» Data extract:
= Beginning of Section =

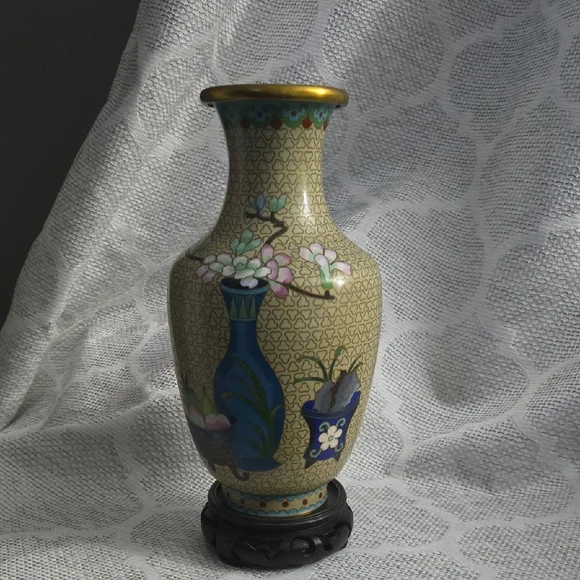 Cloisonne Vase with Wooden Stand - Picture 1 of 10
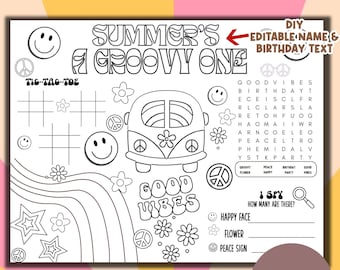 Groovy One Coloring Placemat Primer Cumpleaños Editable / Retro 1er Cumpleaños Fiesta Para Colorear Página / Groovy Party Placemat Hoja de Actividad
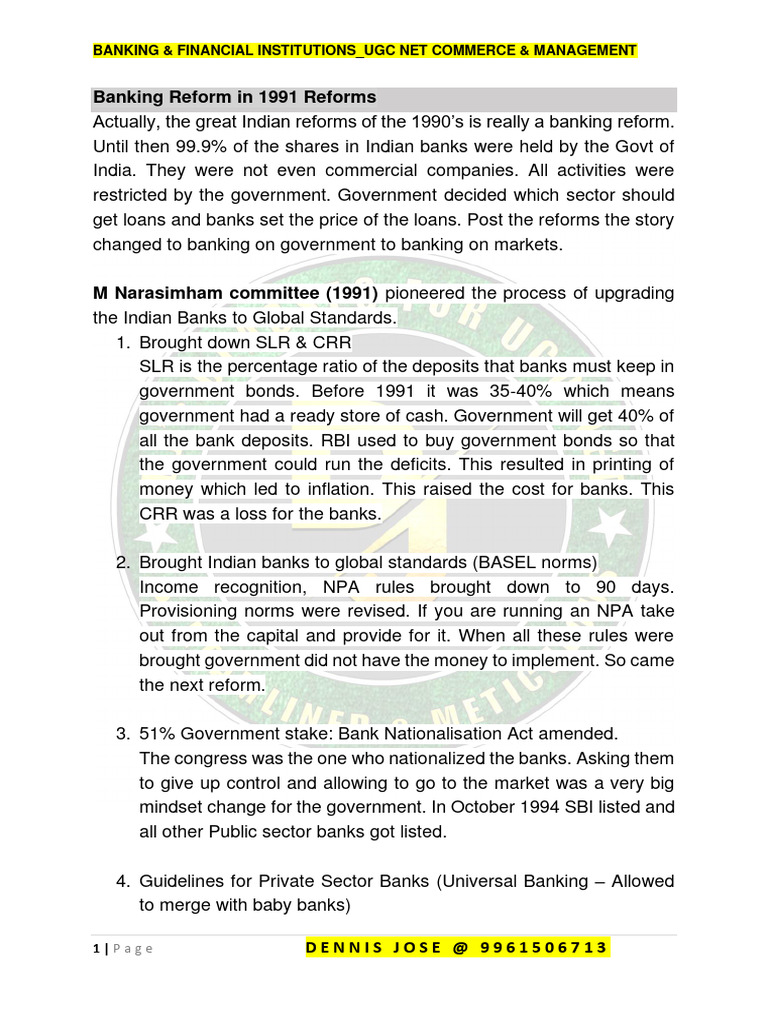 UGC NET: Indian Banking Reforms | PDF | Reserve Bank Of India | Banks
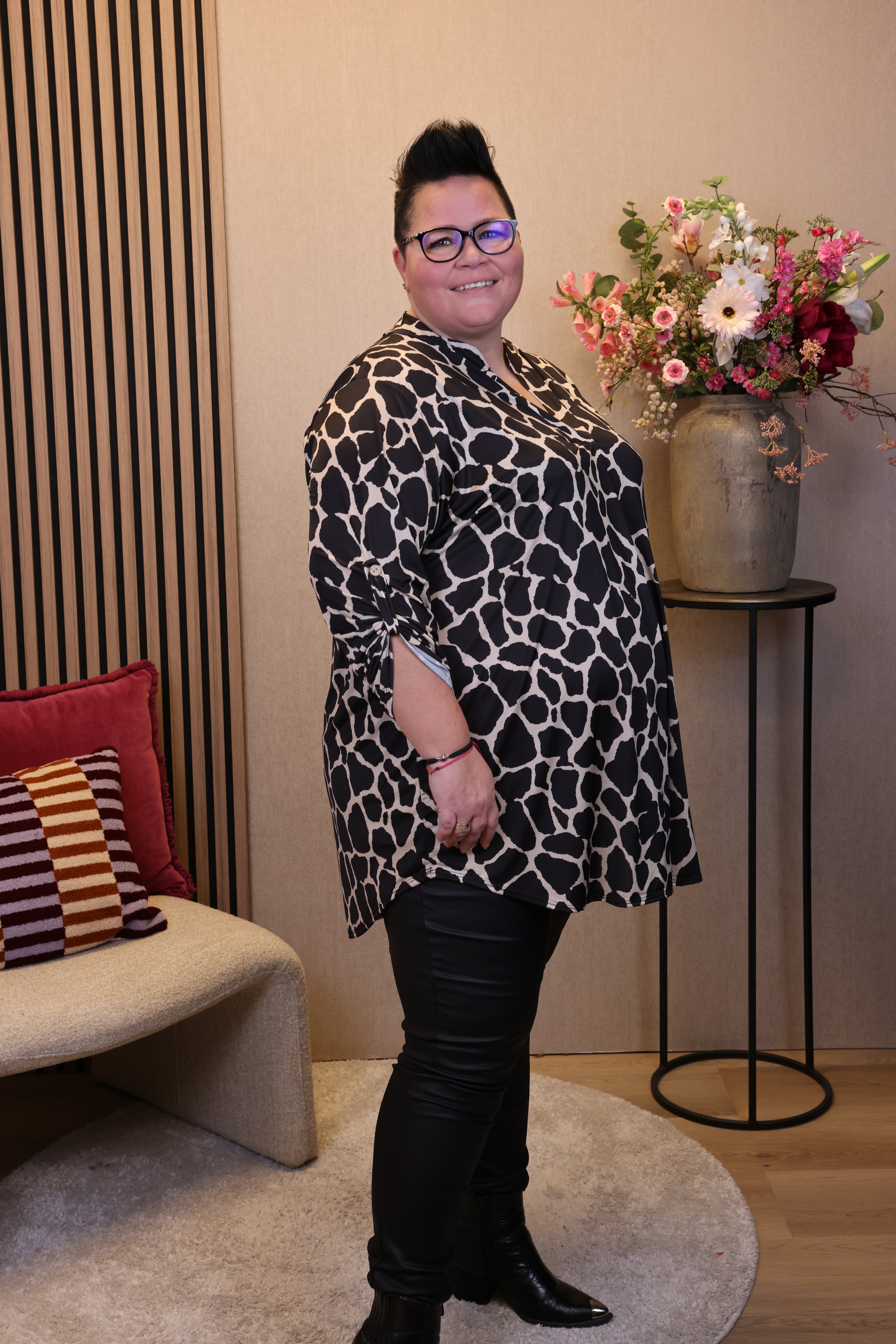 Dora | Bluse schwarz Langarm 52 bis 58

= End of Section =

» Exercise instructions: Give again, word for word, the lines above from the one with "Groovy One Coloring" through the final line of the data, both ends included. Do not copy any picture.

» Written solution:
 Groovy One Coloring Placemat Primer Cumpleaños Editable / Retro 1er Cumpleaños Fiesta Para Colorear Página / Groovy Party Placemat Hoja de Actividad
 UGC NET: Indian Banking Reforms | PDF | Reserve Bank Of India | Banks
 Dora | Bluse schwarz Langarm 52 bis 58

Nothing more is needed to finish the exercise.